1065edo
| ← 1064edo | 1065edo | 1066edo → |
1065 equal divisions of the octave (1065edo), or 1065-tone equal temperament (1065tet), 1065 equal temperament (1065et) when viewed from a regular temperament perspective, is the tuning system that divides the octave into 1065 equal parts of about 1.13 ¢ each.
1065edo is consistent to the 21-odd-limit and is a zeta peak integer edo.

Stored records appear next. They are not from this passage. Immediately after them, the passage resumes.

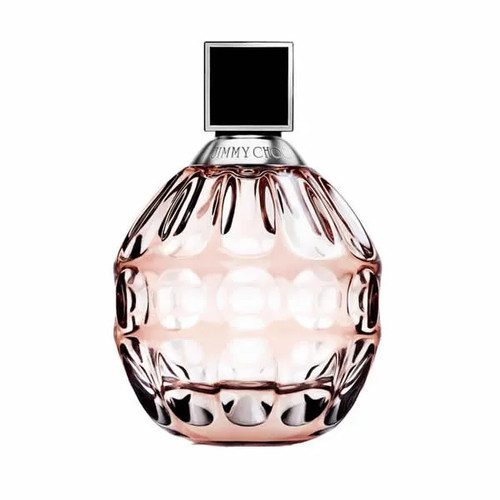 Jimmy choo eau toilette - jimmy,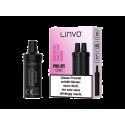 Linvo - Pod Lite Pods (2 x 2 ml) 20 mg/ml (2 Stück)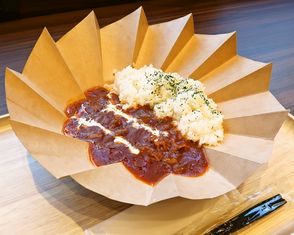 房間 Cafe Juso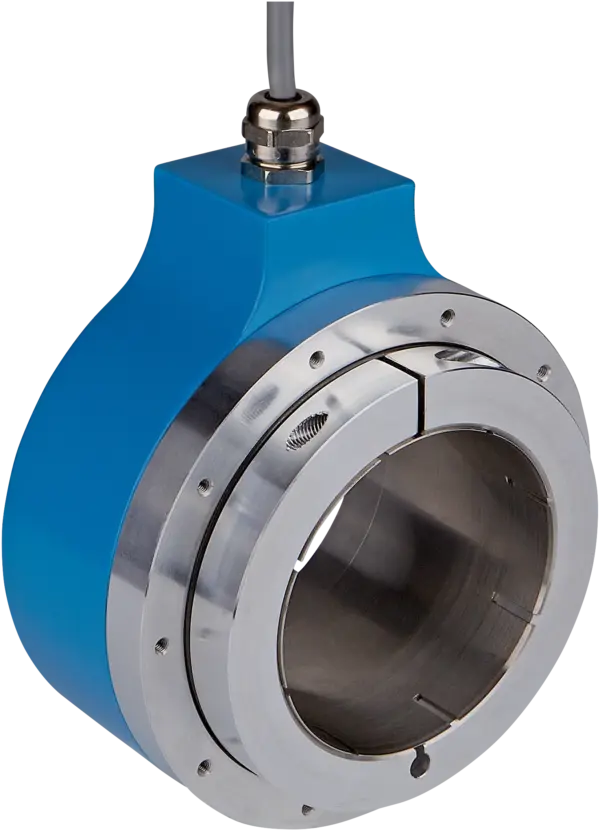 Sick DGS90B-TWHK02500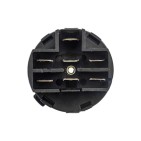 Contacteur d'Allumage Pour Fiat Croma Innocenti Lancia Delta I Thema Y10 5888983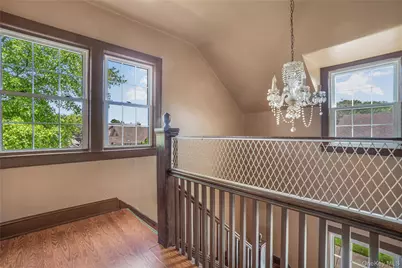 17 Oxford Street, Malverne, NY 11565 - Photo 20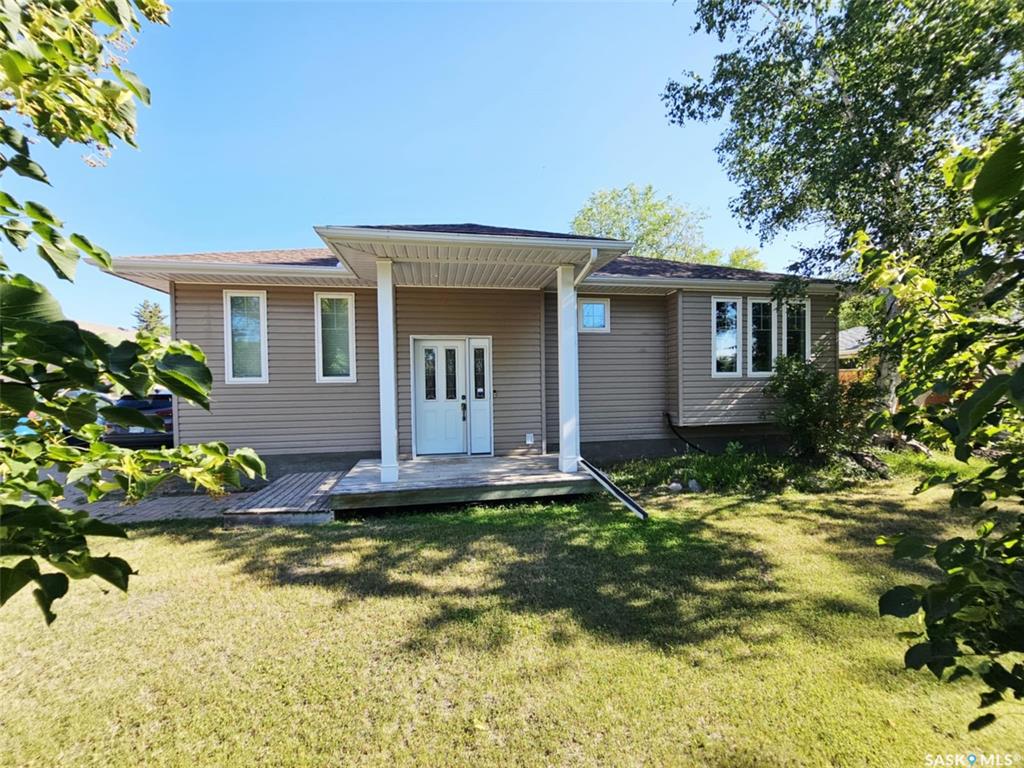 1122 Borden Drive, SK014151, Saskatchewan,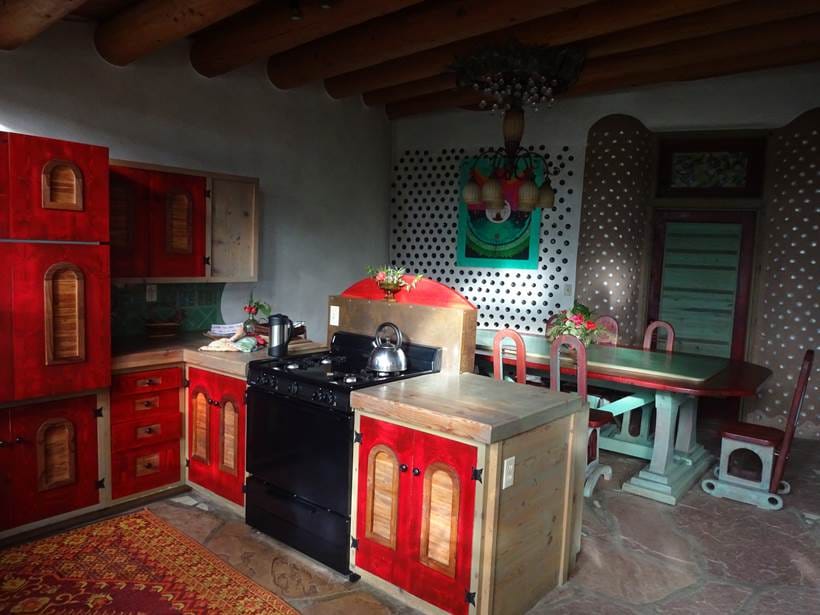 earthship community, sustainable living, sustainable home, phoenix home, earthship home america, lifestyle news, sustainable environment, world news, latest news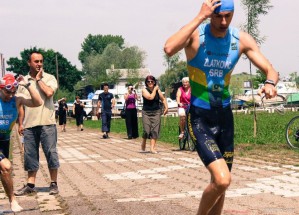 pancevacki-triatlon-2012-94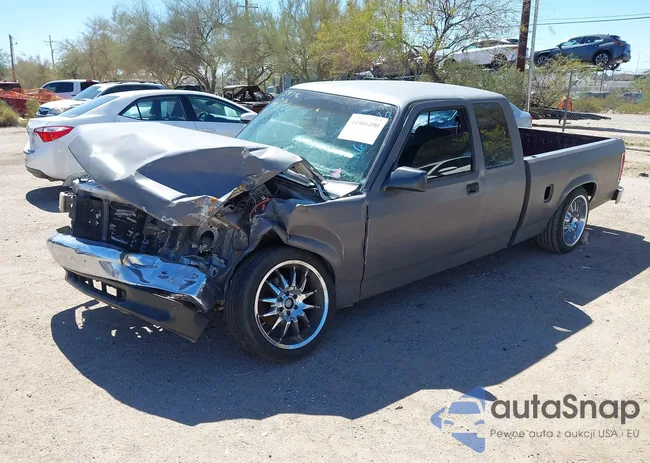 1B7GL23Y0PS166276: 44586490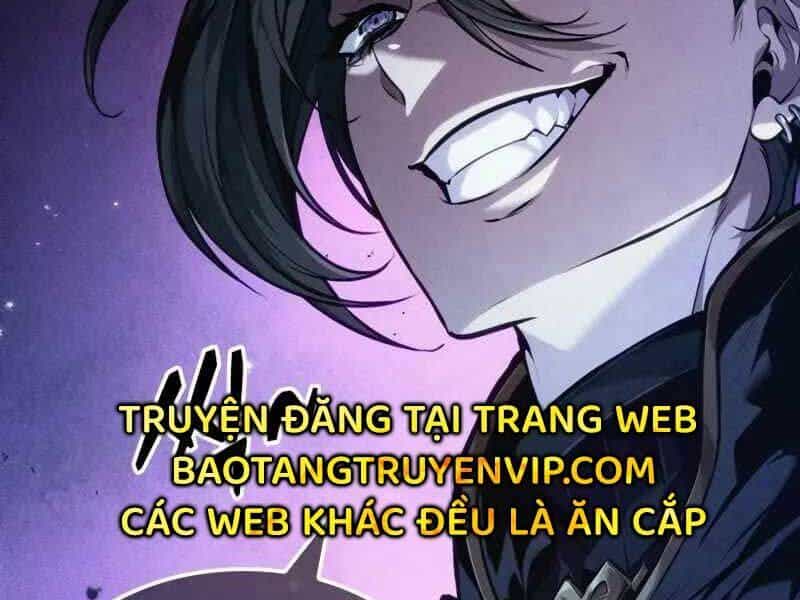 Mạo Hiểm Giả Cuối Cùng - Chương 46 - ảnh 27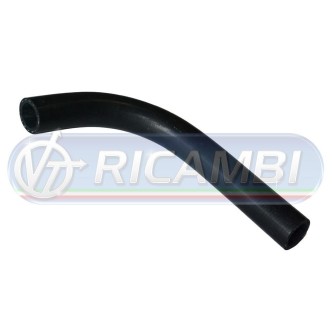 1 - MANICOTTO ACQUA FH 12 -FH 16 FM7 FM 12 204
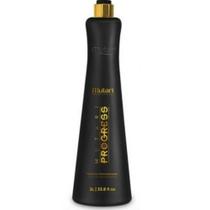 Mutari Professional Progress - Progressiva 1L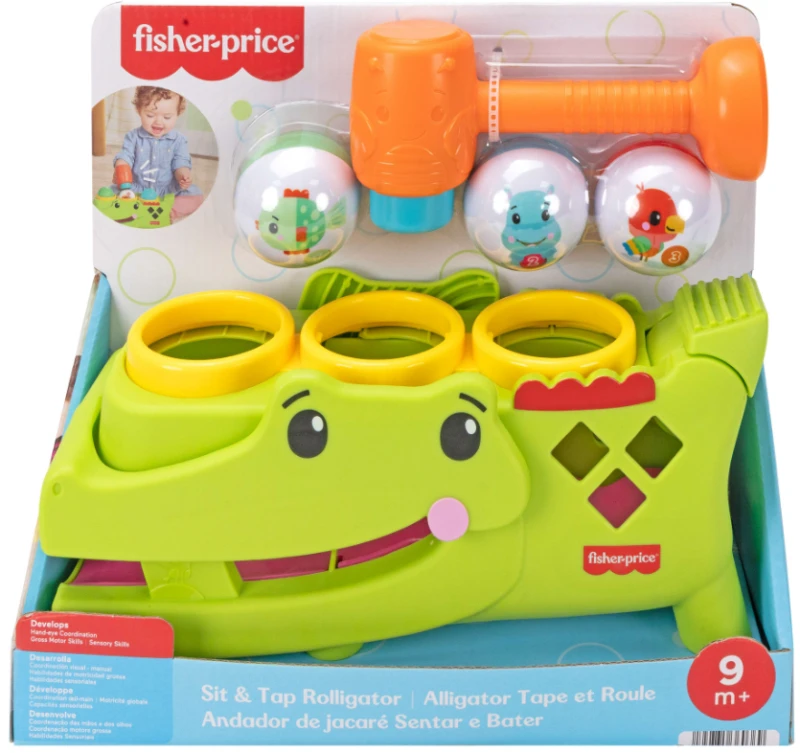 fisher price.png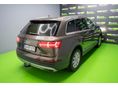 AUDI Q7 2018/5 - 8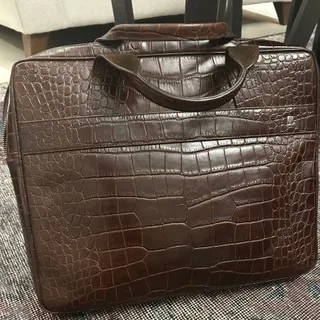 کیف اداری درسا
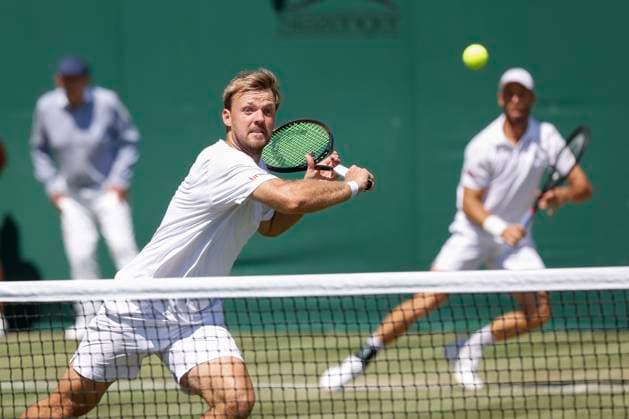 Kevin Krawietz, Tim Puetz, Herren Doppel Copyright: xJuergenxHasenkopfx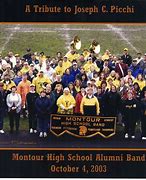 Image result for Montour High School Alumni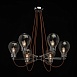 Люстра MW-Light Атмосфера 699010806 - фото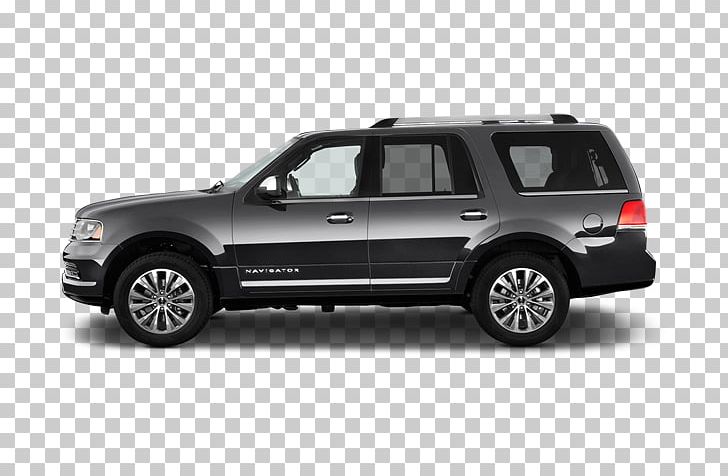 2018 Volkswagen Tiguan 2.0T SEL Car Sport Utility Vehicle VW Tiguan II PNG, Clipart, 4motion, 2018 Volkswagen Tiguan 20t Sel, Allwheel Drive, Auto, Automatic Transmission Free PNG Download
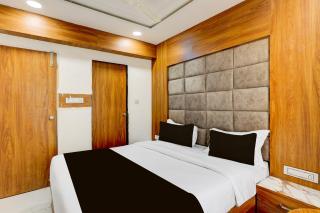Hotel O Dream Space - 8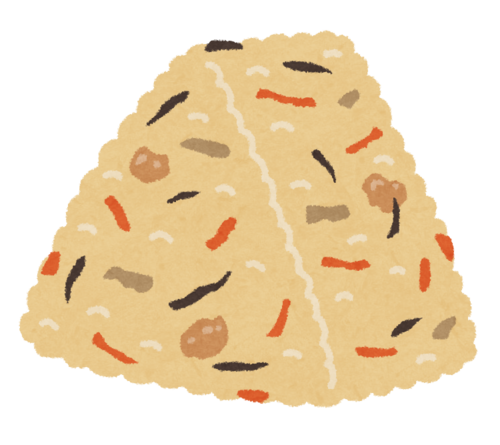 畑山定期2(詰め替え)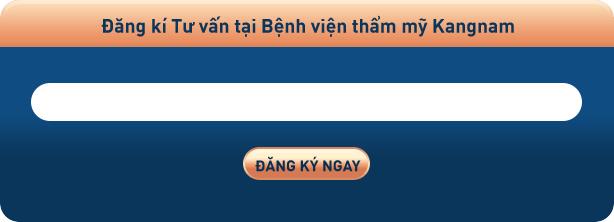 Mắt trái Giật, Nháy liên tục ở Nam, Nữ là điềm gì? Hên, Xui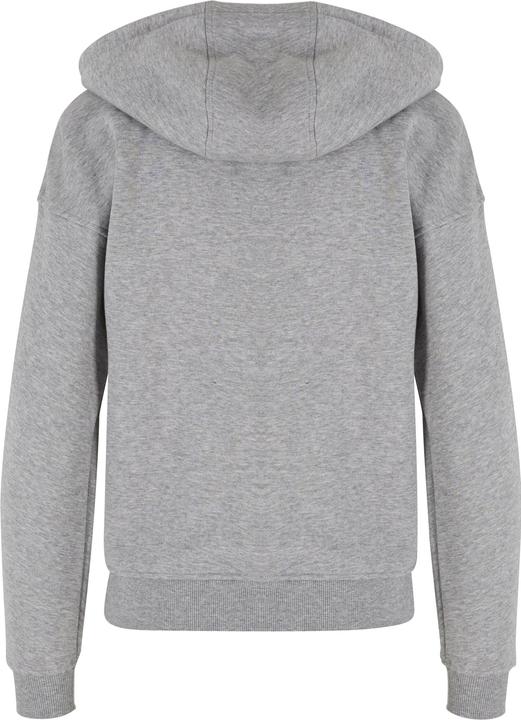 Produktbild Urban Classics Hoody (XS)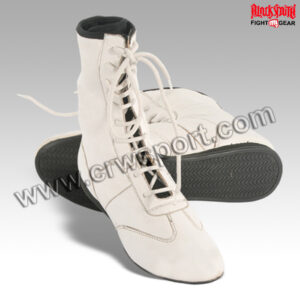 Kick Boxing Shoes, Taekwondo Shoes, Wrestling Shoes CRW-BTWS-002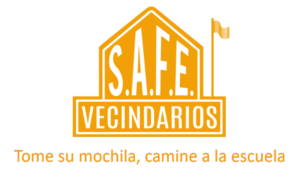 Schools Aiding Families in Emergencies (S.A.F.E.) is a program of the Salt Lake City Emergency Management Team that uses schools as hubs of support to create a culture of preparedness.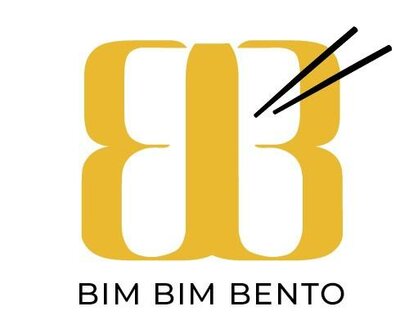 Trademark BIM BIM BENTO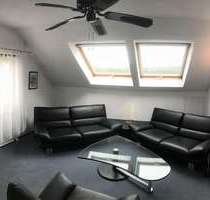 Wohnung zum Mieten in Kusterdingen 950,00 € 55 m²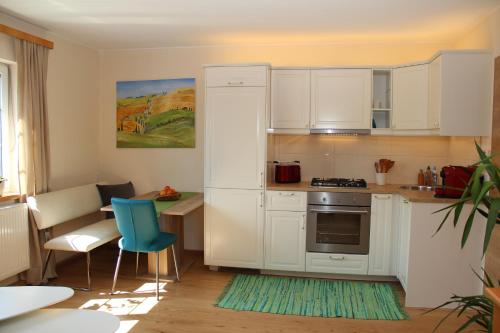 Apartment Kleßheim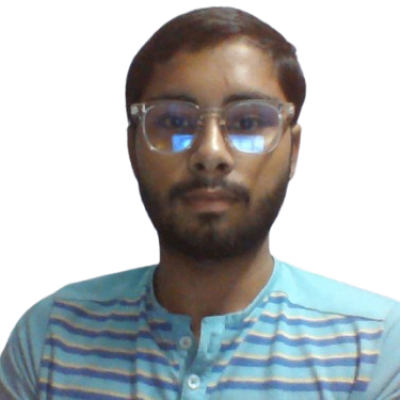 WIN_20240915_13_39_17_Pro-removebg-preview (1)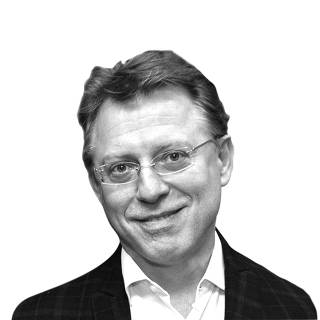 Marcos Lisboa vê múltiplas falhas públicas e privadas na crise do Banco Master - Imagem do artigo original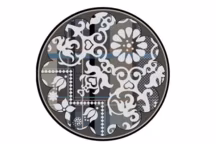 20 tapis déco pour égayer un intérieur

The equal temperament tempers out [54 -37 2⟩ (monzisma) and [61 4 -29⟩ (squarschmidt comma) in the 5-limit; 250047/250000 (landscape comma) in the 7-limit; 3025/3024, 102487/102400, 160083/160000, and 180224/180075 in the 11-limit; 1716/1715 and 4096/4095 in the 13-limit; 2601/2600 and 12376/12375 in the 17-limit; and 2376/2375, 2926/2925, 10830/10829, 14080/14079, and 14365/14364 in the 19-limit.
Prime harmonics
| Harmonic | 2 | 3 | 5 | 7 | 11 | 13 | 17 | 19 | 23 | 29 | 31 | |
|---|---|---|---|---|---|---|---|---|---|---|---|---|
| Error | absolute (¢) | +0.0000 | +0.0168 | +0.1652 | +0.1882 | -0.3320 | +0.0357 | -0.1667 | -0.0482 | +0.4580 | +0.2820 | -0.2468 |
| relative (%) | +0 | +1 | +15 | +17 | -29 | +3 | -15 | -4 | +41 | +25 | -22 | |
| Steps (reduced) |
1065 (0) |
1688 (623) |
2473 (343) |
2990 (860) |
3684 (489) |
3941 (746) |
4353 (93) |
4524 (264) |
4818 (558) |
5174 (914) |
5276 (1016) | |
Subsets and supersets
Since 1065 factors into 3 × 5 × 71, 1065edo has subset edos 3, 5, 15, 71, 213, and 355.